貧血

  • 貧血とは、血液中のヘモグロビン値が男性で13.0g/dl以下、女性で12.0g/dl以下のことをいいます。もっとも多い貧血の症状は、息切れです。
  • 貧血には様々な原因があります。
    • 鉄欠乏性貧血:もっとも頻度の高い原因です。ヘモグロビンの材料は鉄ですので、鉄が不足すると働きのよくない赤血球になってしまいます。働きが悪いと酸素をうまく全身に運べなくなり、息切れ、疲れやすさが起こってきます。男性、閉経後の女性の鉄欠乏性貧血の原因としてもっとも多いものは消化管出血です。
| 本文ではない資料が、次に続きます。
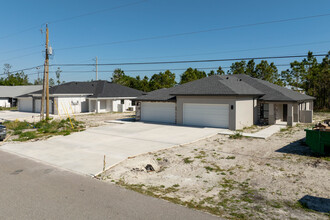 26126 Northern Cross Rd in Punta Gorda, FL - Building Photo - Building Photo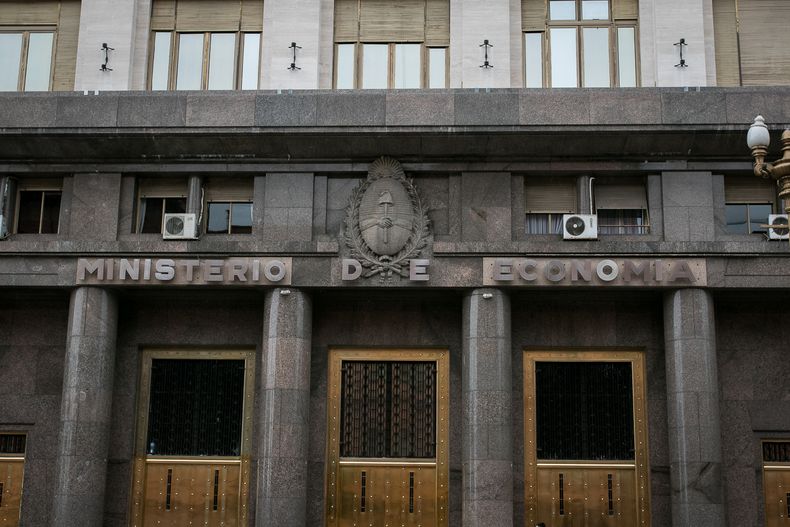 Primera licitación en pesos de 2026: Finanzas busca renovar $9,6 billones en medio de la volatilidad de tasas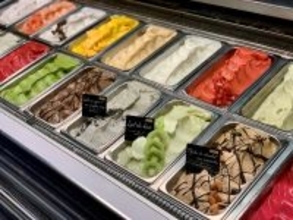 店舗厨房で毎日手作りするジェラートが人気の焼肉店『プレミアムカルビ』　期間限定フレーバーも登場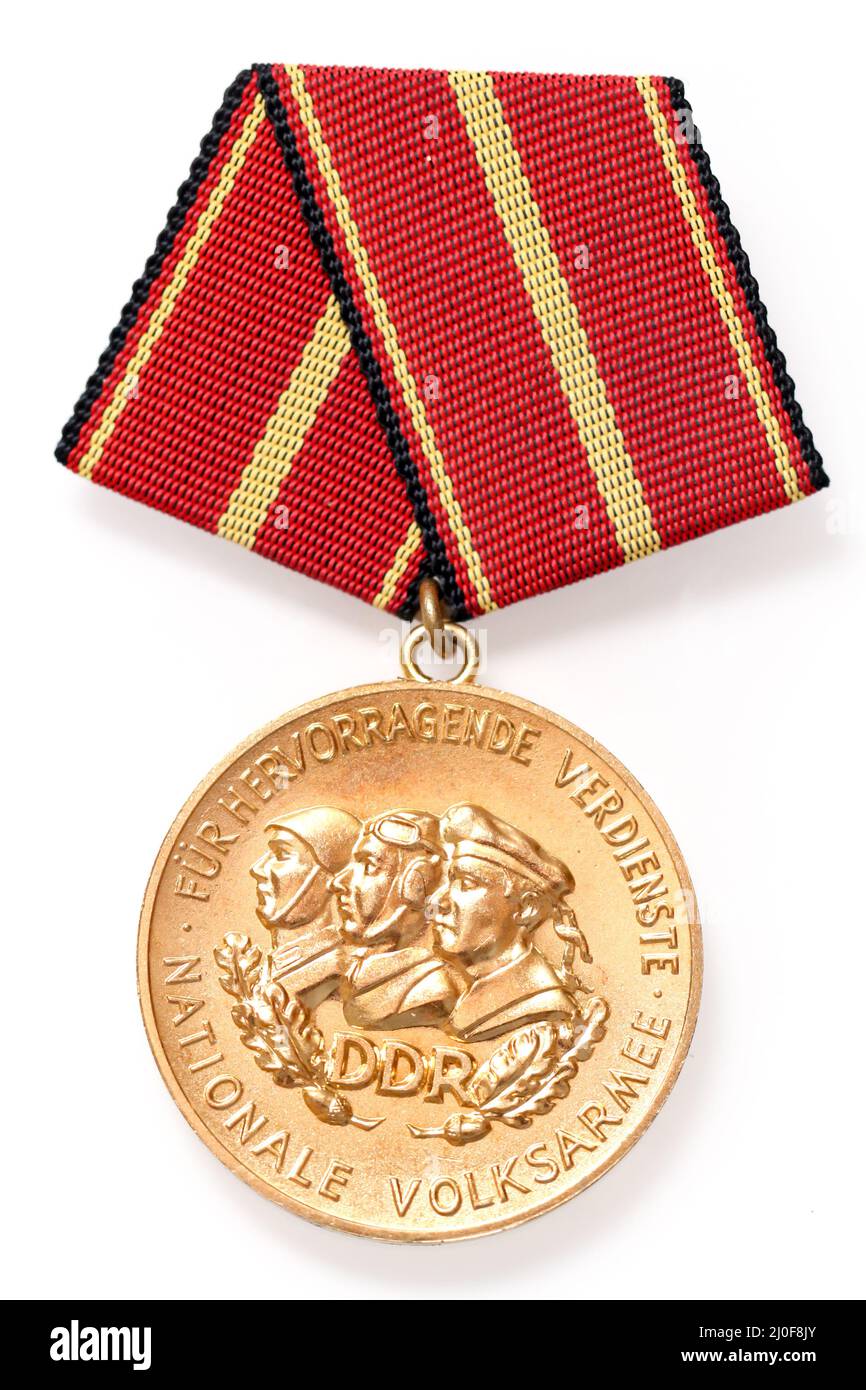 Primo piano di un ordine, di un badge o di una medaglia del periodo GDR. Foto Stock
便が黒い、便が赤いなどの症状がありませんか?
    • そのほかの栄養欠乏:胃切除後、萎縮性胃炎などに伴うビタミン欠乏、アルコール多飲、栄養不良に伴う葉酸欠乏、さらに稀な原因として銅欠乏が貧血を起こすことがあります。亜鉛欠乏もしばしば見られますが、亜鉛欠乏単独で貧血になることは非常に稀です。
    • 慢性の病気が原因:全貧血の3分の1程度が「慢性疾患に伴う貧血」に分類されます。慢性腎臓病、関節リウマチ、甲状腺疾患などが原因となりこれらの診断が必要です
    • 血液の病気:上記の1)〜3)が注意深い診察で除外できた場合、再生不良性貧血(血液を作る工場である骨髄の機能が低下する)、骨髄異形成症候群(血液を作る工場である骨髄で正常な血球が作れなくなる)、白血病(腫瘍化した異常な白血球が大量に増殖し正常な血液が作れなくなる)、多発性骨髄腫(骨髄で免疫細胞の一種である形質細胞が腫瘍性に異常増加し正常の血液産生を妨げる)などの血液疾患の診断を進めます。
    • 説明不能の貧血:加齢に伴うテストステロン(男性ホルモン)の減少、潜在的な炎症などによる貧血。65歳以上の貧血のうち2~3割程度がこの分類に入ります。